David Tepper, the founder of Appaloose Management who topped Institutional Investor’s annual “Rich List” in 2013 by earning $3.5 billion, warned that 2015 is shaping up to look a whole lot like 1999, the year that the dotcom tech bubble caused markets to spike before falling off a cliff. “Worldwide money [was] made too easy for where USA fundamentals were in both late 1998 and 2014,” Tepper told CNBC. He also compared the recent crisis with the Russian Ruble to events in 1998 that forced Russia to default on its debt. Tepper advised investors to be aware of lofty valuations.
In the meantime, U.S. markets continue to soar. The Dow Jones Industrial Average topped 18,000 on Tuesday for the first time in history, propelled by the latest news about GDP growth. If you’re looking for a quick and easy way to explain to your family why this record actually matters, Vox put together an excellent primer for the layperson.
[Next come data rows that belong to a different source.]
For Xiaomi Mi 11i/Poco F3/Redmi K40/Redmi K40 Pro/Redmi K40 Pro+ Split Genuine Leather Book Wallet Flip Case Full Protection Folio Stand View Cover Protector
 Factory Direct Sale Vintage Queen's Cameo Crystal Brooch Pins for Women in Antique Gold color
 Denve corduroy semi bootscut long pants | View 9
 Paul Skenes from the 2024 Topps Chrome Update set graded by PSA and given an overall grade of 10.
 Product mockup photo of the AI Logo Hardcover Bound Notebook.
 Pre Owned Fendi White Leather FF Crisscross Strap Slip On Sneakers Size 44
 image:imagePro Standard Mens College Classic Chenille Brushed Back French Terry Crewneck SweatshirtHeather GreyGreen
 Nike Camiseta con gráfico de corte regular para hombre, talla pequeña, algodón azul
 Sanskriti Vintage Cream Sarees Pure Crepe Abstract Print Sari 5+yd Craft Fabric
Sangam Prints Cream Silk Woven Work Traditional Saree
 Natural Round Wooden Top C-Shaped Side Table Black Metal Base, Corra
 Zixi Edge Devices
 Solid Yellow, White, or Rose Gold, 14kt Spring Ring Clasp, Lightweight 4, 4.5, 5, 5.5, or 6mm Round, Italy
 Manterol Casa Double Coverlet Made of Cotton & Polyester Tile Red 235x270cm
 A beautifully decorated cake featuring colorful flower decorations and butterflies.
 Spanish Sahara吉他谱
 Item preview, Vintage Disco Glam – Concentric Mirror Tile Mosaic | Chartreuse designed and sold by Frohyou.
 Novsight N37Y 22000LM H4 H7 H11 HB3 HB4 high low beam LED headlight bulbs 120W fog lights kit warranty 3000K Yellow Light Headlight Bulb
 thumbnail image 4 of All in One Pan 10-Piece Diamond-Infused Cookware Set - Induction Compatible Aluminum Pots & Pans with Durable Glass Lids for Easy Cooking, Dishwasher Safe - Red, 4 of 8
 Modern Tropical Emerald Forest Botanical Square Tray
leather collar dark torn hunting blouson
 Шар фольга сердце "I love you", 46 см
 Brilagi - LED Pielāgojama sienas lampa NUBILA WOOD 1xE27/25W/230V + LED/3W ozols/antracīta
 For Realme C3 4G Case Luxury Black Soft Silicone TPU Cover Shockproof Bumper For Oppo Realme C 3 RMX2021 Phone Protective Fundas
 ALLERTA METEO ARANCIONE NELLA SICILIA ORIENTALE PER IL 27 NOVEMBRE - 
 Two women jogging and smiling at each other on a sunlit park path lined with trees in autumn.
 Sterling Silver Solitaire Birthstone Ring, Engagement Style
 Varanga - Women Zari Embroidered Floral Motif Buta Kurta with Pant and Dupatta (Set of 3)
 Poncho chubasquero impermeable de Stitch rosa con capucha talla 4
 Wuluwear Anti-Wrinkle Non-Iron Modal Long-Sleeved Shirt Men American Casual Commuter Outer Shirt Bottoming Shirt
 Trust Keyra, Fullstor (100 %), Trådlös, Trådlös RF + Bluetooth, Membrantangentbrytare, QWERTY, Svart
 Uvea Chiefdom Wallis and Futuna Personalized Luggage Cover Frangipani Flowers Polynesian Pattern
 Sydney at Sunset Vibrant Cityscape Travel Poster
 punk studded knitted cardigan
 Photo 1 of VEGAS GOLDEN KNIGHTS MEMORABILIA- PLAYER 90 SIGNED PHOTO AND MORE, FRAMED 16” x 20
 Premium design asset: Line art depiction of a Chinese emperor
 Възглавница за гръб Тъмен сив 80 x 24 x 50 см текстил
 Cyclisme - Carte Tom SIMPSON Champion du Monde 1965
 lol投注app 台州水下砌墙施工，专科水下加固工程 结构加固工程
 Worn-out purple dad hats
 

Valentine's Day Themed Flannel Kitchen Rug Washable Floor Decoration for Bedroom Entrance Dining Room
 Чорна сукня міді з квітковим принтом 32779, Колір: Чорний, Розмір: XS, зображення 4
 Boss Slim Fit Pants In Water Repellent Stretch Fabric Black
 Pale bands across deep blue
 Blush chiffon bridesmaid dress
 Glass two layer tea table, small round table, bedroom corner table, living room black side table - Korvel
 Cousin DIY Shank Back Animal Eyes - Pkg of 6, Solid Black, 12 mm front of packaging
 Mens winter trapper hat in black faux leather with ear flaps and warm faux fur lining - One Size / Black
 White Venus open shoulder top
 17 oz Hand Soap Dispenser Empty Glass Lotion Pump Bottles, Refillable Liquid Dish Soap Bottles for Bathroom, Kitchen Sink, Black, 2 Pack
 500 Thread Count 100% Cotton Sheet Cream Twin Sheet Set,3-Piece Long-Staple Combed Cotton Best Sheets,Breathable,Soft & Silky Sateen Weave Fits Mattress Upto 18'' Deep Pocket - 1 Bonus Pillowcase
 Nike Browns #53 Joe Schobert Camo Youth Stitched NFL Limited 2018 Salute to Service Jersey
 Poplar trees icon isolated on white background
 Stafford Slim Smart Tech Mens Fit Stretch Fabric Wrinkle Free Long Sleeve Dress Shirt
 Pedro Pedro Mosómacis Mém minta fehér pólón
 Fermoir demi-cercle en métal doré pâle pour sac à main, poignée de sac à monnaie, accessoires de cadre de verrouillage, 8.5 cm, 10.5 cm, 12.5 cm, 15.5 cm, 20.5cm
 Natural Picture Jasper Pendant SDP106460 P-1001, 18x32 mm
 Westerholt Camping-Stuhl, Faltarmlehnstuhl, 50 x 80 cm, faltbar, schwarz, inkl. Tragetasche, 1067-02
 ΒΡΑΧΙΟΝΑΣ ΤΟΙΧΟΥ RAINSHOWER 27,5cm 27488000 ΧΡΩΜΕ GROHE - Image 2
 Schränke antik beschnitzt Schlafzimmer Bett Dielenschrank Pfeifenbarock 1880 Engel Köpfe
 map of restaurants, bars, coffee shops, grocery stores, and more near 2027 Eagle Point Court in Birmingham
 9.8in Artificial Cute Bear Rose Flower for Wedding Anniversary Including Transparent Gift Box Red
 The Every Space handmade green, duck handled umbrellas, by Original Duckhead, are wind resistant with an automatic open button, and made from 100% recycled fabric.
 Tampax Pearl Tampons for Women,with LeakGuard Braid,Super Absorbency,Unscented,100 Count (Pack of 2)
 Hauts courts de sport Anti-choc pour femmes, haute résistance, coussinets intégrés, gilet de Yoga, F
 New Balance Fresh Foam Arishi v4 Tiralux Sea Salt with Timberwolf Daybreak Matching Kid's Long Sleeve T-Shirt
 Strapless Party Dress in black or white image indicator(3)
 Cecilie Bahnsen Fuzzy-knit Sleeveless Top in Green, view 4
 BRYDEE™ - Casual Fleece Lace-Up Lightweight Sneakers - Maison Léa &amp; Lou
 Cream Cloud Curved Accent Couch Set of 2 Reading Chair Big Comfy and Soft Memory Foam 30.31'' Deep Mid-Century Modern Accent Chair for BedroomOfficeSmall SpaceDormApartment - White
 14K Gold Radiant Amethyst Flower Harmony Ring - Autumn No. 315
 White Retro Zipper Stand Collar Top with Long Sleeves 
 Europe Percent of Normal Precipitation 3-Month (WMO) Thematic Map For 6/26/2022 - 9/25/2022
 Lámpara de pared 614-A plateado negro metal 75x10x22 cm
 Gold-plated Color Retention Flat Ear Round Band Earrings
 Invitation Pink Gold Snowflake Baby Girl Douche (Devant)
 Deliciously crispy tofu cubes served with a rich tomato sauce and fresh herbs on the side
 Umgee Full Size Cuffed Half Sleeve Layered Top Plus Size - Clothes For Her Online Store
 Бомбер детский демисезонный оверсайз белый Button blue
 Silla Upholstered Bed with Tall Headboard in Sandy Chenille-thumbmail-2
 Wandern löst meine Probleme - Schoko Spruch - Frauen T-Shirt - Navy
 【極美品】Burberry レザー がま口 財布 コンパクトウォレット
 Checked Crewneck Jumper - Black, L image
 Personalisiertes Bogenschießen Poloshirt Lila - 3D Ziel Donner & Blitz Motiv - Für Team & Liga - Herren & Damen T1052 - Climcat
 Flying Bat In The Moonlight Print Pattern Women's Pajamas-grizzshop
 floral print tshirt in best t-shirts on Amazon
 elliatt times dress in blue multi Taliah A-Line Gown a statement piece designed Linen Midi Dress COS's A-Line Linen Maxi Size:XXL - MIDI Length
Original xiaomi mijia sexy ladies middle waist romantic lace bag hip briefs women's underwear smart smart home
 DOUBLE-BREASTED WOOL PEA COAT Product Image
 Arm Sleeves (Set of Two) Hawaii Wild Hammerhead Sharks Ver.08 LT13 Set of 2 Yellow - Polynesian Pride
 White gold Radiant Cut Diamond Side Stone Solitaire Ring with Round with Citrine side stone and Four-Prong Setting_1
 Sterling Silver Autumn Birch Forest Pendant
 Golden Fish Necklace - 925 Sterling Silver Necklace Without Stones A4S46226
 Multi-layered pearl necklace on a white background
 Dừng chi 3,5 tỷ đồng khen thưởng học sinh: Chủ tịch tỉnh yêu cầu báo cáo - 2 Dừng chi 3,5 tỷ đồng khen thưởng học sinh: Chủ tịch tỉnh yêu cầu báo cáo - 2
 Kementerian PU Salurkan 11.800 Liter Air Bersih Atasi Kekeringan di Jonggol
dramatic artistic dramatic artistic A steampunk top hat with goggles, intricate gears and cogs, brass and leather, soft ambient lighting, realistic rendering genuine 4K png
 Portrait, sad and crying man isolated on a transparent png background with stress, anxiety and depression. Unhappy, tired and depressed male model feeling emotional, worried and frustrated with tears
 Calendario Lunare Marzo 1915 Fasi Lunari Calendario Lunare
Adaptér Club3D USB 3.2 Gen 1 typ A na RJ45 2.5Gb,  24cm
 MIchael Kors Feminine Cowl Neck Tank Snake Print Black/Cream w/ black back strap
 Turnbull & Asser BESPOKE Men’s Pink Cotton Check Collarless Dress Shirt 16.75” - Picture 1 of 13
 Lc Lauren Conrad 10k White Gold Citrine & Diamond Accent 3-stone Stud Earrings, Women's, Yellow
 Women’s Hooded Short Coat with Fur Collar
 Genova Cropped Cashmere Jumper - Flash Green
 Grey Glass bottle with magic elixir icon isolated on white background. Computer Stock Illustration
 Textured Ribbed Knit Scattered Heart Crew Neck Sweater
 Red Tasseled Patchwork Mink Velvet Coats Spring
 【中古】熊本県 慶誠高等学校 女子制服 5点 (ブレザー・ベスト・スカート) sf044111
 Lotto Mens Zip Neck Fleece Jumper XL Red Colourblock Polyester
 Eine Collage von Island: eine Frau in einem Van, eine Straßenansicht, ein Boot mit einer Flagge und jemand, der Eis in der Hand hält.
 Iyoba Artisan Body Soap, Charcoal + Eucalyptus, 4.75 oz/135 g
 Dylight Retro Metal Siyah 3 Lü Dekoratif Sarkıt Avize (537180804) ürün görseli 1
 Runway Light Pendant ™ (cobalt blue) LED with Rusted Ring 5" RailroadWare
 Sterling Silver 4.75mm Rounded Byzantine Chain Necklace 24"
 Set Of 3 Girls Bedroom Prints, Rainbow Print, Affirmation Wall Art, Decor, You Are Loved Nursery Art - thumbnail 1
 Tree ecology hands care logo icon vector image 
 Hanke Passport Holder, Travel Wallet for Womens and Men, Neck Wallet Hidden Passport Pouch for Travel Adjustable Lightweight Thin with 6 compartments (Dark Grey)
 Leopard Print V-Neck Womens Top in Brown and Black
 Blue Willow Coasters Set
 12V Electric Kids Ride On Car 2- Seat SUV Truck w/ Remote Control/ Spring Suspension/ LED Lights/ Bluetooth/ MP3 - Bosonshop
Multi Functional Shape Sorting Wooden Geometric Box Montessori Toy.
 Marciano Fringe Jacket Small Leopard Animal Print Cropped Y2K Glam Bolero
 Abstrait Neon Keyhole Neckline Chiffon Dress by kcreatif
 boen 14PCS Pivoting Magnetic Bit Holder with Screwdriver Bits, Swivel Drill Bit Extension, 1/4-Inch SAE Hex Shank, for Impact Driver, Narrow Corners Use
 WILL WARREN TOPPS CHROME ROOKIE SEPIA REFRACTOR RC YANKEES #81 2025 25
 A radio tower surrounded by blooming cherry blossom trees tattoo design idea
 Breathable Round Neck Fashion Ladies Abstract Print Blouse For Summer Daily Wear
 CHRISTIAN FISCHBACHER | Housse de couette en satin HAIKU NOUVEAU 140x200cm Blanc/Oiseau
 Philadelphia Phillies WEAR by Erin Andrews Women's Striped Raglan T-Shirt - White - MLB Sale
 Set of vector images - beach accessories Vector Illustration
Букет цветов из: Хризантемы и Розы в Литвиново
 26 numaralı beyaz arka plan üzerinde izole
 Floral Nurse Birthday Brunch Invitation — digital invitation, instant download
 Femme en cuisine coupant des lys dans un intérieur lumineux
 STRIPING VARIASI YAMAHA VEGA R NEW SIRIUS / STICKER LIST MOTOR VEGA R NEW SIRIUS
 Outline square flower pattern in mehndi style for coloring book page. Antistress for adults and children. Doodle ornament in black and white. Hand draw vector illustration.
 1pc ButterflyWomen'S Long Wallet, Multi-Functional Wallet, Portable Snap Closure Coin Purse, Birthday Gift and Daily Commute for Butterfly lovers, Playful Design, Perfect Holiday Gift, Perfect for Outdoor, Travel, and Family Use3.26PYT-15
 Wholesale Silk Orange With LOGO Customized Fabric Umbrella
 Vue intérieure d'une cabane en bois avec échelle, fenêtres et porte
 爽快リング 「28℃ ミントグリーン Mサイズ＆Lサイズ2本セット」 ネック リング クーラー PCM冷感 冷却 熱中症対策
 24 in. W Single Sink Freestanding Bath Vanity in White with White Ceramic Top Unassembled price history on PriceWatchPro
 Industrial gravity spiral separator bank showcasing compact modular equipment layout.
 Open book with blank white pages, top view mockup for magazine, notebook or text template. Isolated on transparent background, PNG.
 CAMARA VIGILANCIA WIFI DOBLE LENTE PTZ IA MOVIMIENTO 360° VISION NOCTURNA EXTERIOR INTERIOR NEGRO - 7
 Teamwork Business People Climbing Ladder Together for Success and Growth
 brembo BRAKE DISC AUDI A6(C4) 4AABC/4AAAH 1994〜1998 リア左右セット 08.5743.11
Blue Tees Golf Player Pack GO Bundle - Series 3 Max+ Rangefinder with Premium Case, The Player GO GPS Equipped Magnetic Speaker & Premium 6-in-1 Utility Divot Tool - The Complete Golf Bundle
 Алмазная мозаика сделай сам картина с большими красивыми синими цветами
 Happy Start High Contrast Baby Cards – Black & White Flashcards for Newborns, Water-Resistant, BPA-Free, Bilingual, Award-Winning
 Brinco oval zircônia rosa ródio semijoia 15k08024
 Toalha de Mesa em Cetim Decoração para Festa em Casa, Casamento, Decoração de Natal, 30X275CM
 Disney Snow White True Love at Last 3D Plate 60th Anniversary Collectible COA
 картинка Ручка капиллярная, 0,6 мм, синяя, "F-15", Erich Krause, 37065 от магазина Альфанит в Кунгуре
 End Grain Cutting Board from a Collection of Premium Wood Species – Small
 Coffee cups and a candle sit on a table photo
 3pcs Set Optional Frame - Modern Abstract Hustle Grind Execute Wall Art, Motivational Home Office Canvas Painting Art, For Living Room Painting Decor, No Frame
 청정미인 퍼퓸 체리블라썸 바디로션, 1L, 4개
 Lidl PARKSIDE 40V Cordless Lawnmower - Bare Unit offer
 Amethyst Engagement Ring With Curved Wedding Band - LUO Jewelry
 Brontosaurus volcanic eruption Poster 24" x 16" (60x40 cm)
Each year, Nuveen's Robert Doll makes a series of predictions for the coming year, and, unlike many pundits, he has put out a scorecard on how he did in 2014. Overall? Pretty good. Doll accurately predicted that U.S. equities would have a strong year despite a 10 percent correction. He said that dividends, stock buy-backs, capital expenditures and M&A activity would increase at a double-digit rate, and that municipal bonds would outperform taxable bonds. He missed out by predicting that active managers would outperform index funds and cyclical stocks would outpeform defensive stocks. Expect Doll's 2015 predictions in January.